Five years after the signing of the Paris Agreement, references in the bill that position it as a “response to climate change” are welcome. Unfortunately, the proposed legislation also specifies the need for further exploration of fossil fuel energy sources such as coal, oil and natural gas.
This matters because under the Paris Agreement, China committed to peak carbon dioxide emissions around 2030 or earlier if possible. China is the largest public financer of fossil fuels, providing US$20.2 billion a year for oil and gas and US$4.4 billion for coal, according to a recent report on G20 financing.
China also ranks as the world’s largest producer and investor in clean energy and while coal still occupies the top spot in the country’s energy mix, its share is declining. However, the country’s effort to reduce emissions is being undermined by a relaxation of coal-power restrictions, which has led to approximately 10 gigawatts of new approvals at home and the financing of coal projects overseas.
A priority of the draft energy law is improving the regulation of energy exports and imports, including the management and import of “clean” and “advanced” energy technologies. But the bill falls short on exports, as there are no provisions for the screening of fossil fuel products or technologies. This means the bill does not address the “carbon leakage” resulting from China’s export and support of coal technologies and products.
China’s support for fossil fuel projects, such as coal power in countries that are part of the Belt and Road Initiative (BRI) has environmental and social impacts. Changes to the draft energy law are needed to introduce binding climate and export screening criteria for all Chinese exports of fossil fuel projects. This would align such projects with practices commonly accepted by the international community, including multilateral development banks of which China is a member.
The government has made some progress in this area. In 2017, four government regulatory bodies issued an advisory document, “Guidance on Promoting a Green Belt and Road”. This recognised the challenges faced by Chinese companies undertaking overseas infrastructure projects and called on them to adopt higher environmental and social standards.

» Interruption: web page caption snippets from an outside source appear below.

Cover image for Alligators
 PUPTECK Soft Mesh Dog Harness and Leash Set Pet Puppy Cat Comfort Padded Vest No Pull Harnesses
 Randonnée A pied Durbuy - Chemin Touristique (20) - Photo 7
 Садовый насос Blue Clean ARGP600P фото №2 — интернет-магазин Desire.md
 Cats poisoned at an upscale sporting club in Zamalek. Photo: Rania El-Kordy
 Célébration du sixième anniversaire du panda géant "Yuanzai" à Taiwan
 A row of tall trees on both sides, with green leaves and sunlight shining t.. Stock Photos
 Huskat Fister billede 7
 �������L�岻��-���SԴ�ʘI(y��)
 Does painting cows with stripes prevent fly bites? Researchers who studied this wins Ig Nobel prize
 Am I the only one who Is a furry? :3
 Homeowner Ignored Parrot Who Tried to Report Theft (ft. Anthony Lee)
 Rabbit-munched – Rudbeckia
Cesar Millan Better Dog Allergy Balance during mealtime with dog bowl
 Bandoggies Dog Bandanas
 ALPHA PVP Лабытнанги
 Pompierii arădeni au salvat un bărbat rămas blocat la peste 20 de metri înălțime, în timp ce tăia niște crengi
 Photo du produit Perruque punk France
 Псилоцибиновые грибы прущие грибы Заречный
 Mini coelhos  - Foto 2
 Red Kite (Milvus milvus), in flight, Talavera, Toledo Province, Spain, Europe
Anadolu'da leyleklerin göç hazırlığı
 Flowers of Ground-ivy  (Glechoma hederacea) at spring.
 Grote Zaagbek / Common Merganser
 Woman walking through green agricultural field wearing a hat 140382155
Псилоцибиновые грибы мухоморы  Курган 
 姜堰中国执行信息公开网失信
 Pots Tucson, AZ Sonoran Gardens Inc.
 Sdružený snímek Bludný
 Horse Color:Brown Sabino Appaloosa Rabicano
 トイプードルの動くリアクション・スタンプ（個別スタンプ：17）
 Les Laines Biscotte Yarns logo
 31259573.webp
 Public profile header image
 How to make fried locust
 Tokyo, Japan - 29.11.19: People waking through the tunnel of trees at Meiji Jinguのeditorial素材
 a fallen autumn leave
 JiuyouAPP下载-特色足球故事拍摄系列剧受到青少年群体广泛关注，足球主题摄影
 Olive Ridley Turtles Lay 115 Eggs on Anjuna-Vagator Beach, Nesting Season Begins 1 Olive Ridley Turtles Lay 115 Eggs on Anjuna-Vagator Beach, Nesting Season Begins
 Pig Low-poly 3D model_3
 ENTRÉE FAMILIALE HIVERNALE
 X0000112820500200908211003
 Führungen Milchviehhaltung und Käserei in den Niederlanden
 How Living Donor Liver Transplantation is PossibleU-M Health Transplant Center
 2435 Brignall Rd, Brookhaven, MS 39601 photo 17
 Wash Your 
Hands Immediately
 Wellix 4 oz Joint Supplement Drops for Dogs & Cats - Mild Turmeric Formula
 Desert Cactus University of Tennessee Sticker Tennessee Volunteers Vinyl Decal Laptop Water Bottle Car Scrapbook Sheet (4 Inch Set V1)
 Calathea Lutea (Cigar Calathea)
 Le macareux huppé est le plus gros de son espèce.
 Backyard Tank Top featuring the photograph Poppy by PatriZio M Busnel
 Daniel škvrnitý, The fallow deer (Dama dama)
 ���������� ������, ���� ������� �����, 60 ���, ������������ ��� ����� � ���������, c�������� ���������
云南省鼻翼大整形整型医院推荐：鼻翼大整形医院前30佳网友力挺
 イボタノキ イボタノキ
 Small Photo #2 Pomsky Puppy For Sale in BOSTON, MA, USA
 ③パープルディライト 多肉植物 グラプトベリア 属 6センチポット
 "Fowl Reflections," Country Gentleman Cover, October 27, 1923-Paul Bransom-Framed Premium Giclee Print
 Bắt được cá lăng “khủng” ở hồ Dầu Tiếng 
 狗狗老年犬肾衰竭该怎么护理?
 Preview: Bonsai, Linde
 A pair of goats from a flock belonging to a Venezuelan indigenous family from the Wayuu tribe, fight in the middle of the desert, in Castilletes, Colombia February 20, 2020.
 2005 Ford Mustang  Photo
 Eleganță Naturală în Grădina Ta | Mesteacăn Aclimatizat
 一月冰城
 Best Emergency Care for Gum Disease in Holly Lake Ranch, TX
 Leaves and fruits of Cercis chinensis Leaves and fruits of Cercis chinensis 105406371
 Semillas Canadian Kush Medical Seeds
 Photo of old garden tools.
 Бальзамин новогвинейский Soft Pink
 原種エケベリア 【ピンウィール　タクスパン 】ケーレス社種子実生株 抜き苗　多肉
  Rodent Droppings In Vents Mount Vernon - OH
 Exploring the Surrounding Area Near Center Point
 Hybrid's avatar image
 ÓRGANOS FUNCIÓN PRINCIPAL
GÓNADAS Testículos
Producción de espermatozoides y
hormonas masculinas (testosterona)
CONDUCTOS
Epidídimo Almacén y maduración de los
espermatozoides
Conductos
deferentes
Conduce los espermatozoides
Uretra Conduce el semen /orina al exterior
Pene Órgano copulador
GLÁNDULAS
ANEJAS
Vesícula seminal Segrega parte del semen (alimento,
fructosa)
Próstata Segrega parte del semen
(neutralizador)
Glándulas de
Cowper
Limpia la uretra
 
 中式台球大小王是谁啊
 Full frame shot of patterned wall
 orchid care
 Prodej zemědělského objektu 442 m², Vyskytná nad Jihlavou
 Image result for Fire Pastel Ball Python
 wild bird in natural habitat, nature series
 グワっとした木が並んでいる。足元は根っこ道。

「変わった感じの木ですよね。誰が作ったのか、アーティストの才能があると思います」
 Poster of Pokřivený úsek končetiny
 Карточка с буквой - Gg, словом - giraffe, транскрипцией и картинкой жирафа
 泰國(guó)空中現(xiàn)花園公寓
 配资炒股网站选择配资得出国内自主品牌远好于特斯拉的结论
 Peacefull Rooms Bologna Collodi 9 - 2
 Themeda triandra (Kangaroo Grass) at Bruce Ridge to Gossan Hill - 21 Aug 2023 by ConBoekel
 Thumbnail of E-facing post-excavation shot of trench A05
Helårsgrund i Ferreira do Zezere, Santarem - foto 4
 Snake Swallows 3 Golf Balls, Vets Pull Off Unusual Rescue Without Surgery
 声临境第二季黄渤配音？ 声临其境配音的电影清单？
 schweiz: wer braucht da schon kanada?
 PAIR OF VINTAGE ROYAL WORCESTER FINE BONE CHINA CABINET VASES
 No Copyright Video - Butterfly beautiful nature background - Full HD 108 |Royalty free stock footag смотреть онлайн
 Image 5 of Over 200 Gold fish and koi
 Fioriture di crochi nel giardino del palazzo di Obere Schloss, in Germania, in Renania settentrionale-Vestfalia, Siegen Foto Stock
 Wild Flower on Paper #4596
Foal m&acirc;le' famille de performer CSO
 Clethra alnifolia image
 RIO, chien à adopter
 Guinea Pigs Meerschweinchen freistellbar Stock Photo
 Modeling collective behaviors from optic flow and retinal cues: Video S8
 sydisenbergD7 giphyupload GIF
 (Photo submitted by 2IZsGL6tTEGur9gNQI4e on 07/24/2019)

One concern is the prominent role of Chinese state-owned enterprises specialising in coal power and resource-extraction that are locking BRI countries into high-emissions pathways. China is the top lender and exporter of coal technologies internationally.
A plethora of state-owned enterprises, backed by government loans from China Development Bank and China Exim among others, are in fierce competition for projects in Europe, sub-Saharan Africa and Asia. According to Ma Jun, former chief economist of the People’s Bank of China, “BRI countries could account for over half of global CO2 emissions by 2050”.
In Africa, Chinese state-owned enterprises announced two new coal deals in Ivory Coast and Zimbabwe in late 2019. As much as 3.5 gigawatts may be built in Europe, including a new unit for Tuzla’s coal-fired power station in Bosnia and Herzegovina, phase two of a new unit at Kostolac coal-fired power station in Serbia, and the recently announced 350-megawatt Kolubara B coal project also in Serbia.
China’s coal financing runs contrary to international financial institutions such as multilateral development banks that have been phasing out or banning direct coal financing. OECD countries and their export credit agencies, for example, have screening conditions in place for the support of coal-fired power, although in practice these have failed to prevent some financing being permitted.
The energy bill could help address the carbon leakage associated with fossil fuel projects undertaken by Chinese companies overseas. To make that happen, the bill should include measures and standards that prioritise a low-carbon energy transition that applies to domestic consumption and production, as well as investment, import and export of energy products and technologies. This green roadmap would define the incentives and restrictions for all energy projects, including coal power, gas and oil extraction, and transportation across boundaries.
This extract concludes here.